路線拡張、再開発…鉄道業界「未曽有の変革期」

鉄道輸送に頼るビジネスモデルは終わりを告げている(写真:PIXTA)

「鉄道業界は今、変革期に突入している」

【図表】鉄道各社の大型再開発&路線拡張

鉄道各社の首脳は、口をそろえてそう語る。この背景には、新型コロナ感染症のパンデミックがあった。

コロナ禍によって人流が途絶え、鉄道利用者が激減すると、各社の業績は軒並み悪化した。とくに鉄道事業への依存度が高い企業ほど、その打撃は深刻だった。

コロナ禍前は営業収益に占める運輸事業の比率が6割を超えていたJR東日本については、2020年度に5203億円、21年度に1539億円もの営業赤字に転落した。喜勢陽一社長は「当初5年先、10年先とみていた経営環境の変化が前倒しで到来した。鉄道の利用客が大幅に減少したことで経営の脆弱性が表面化した」と話す。

一方、多角化を進めていた会社はコロナ禍の影響が軽微だった。東急はホテルや不動産事業などを多角的に展開し、運輸事業比率が2割を切っていた(19年度)。20年度に316億円の営業赤字を計上したものの、運輸以外の事業が支え翌年には黒字回復を果たした。

独自性が問われる時代に

コロナ禍が明らかにしたのは、経営の多角化の必要性だけではない。この先は少子高齢化が進む中、鉄道利用者が減り続けるうえに、鉄道運営を担う作業員の不足も懸念される。さらに、資本の効率性を重視する株式市場からの圧力も強まっている。

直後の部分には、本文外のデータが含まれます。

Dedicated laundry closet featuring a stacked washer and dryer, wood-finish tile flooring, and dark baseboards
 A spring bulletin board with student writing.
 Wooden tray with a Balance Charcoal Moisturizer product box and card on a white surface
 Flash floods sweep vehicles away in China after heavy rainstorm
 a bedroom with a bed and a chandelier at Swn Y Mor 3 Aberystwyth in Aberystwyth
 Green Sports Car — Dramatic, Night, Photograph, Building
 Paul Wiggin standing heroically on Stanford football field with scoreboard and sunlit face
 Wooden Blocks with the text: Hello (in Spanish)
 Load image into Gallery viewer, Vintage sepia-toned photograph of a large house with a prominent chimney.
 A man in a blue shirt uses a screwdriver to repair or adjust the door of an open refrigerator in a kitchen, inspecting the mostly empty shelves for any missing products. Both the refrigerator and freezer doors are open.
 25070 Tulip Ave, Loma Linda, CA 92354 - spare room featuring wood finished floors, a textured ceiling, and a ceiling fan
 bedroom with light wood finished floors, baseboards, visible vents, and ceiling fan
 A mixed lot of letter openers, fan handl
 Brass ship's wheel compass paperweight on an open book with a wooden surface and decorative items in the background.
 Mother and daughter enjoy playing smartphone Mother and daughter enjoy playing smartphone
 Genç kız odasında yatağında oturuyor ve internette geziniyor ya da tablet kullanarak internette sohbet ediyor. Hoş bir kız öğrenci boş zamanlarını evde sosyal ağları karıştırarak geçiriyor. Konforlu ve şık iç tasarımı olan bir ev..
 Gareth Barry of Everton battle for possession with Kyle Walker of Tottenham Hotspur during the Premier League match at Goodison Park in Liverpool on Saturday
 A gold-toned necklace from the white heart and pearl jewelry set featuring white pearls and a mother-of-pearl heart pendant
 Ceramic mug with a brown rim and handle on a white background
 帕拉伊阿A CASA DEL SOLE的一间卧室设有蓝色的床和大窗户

成長投資に消極的な私鉄大手はアクティビスト(物言う株主)の標的となった。京成電鉄にはパリサー・キャピタル、西武ホールディングスには3Dインベストメント・パートナーズ、京浜急行電鉄には旧村上系ファンドが大株主として名を連ねる。

取り巻く経営環境が大きく変わり、従来のビジネスモデルは通用しなくなったというわけだ。小田急電鉄の鈴木滋社長は語る。「かつては鉄道などの交通事業を核とし輸送力を増強するというモデルで成長してきた。しかし人口減少が進む今では、各社がそれぞれの強みに合わせてビジネスモデルを多様化させていく時代になった」。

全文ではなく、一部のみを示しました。